The Corner

Law & the Courts

Obama Has Only Himself to Blame for SCOTUS Impasse

Today’s WSJ op-ed by Senator Cruz is a great articulation of the conservative position on Scalia’s replacement. Conservatives have looked for precedents, and Cruz points to important ones, but I’d like to focus on how unprecedented the Obama years have been. As Senator Cruz writes:

In “The Audacity of Hope,” then-Sen. Obama wrote that the Constitution “is not a static but rather a living document, and must be read in the context of an ever-changing world.”

The extreme positions that the Obama administration has taken in the Supreme Court—for example, its argument in Hosanna-Taborthat the government can interfere with a church’s choice of ministers—are further evidence of President Obama’s devotion to living-constitutionalism. The president’s appointments to the Supreme Court have proven just as devoted. After all, justices Sonia Sotomayor and Elena Kagan voted to invent a right to same-sex marriage.

Does anyone really believe that another Obama nominee would be different? The stakes are too high to allow President Obama, in the waning months of his final term, to make a lifetime appointment that would reshape the Supreme Court for a generation.
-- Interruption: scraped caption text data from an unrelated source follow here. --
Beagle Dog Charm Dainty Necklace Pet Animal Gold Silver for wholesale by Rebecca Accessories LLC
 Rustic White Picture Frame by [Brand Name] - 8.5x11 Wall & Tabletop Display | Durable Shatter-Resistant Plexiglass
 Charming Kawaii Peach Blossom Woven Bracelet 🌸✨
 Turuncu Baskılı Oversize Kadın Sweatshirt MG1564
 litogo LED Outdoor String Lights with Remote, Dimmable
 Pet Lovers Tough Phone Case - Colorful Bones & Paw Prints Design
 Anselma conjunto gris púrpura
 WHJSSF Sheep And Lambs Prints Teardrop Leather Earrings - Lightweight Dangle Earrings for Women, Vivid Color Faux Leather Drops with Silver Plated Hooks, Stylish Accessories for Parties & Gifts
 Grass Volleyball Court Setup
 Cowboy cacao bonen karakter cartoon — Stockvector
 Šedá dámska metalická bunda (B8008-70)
Democrats like to point out that they voted unanimously to confirm Justice Anthony Kennedy in the last year of Ronald Reagan’s presidency. But Reagan did something that Obama has not done: For all the controversies and political acrimony of his two terms as president, Reagan governed according to constitutional principles that were broadly accepted by Democrats and Republicans alike. Unfortunately (I would say) he did so without upsetting any of the essential tenets of the Progressive “living constitution.” The Rehnquist Court — which was Ronald Reagan’s constitutional legacy — reaffirmed the worst precedents of the New Deal lock-stock-and-barrel: from Steward Machine Co. v. Davis (1937) on the spending power, reaffirmed in South Dakota v. Dole (1987), to the awful commerce power decisions up to Wickard v. Filburn (1942), reaffirmed in United States. v. Lopez (1995). And it’s worth noting that the Democrats only confirmed Kennedy after killing the Robert Bork nomination, essentially because Bork implied that he might uphold the actual Constitution instead of the “living constitution” nonsense. 

From the point of view of a society’s constitutional choices, Reagan governed in a way that had broad acceptance. Obama has done no such thing. In ways I recently detailed (and many others), Obama has totally sidelined the constitutional principles that matter most to at least half the country. Even if there was no precedent whatever for an opposition party’s blocking the president’s nominee in an election year (or any year), I would advise the GOP leadership to make clear to Obama that he has utterly disqualified himself from making any more nominations to the Supreme Court as far the GOP in the Senate is concerned. On constitutional questions, Obama has shown the same contempt for Congress that he showed on the Iran nuclear deal.

Let future presidents be on guard. When Franklin D. Roosevelt moved to upset the constitutional apple cart with the New Deal, he had Congress and the people behind him. We are still struggling to undo the consequences today. Obama is no Franklin D. Roosevelt, thank heavens.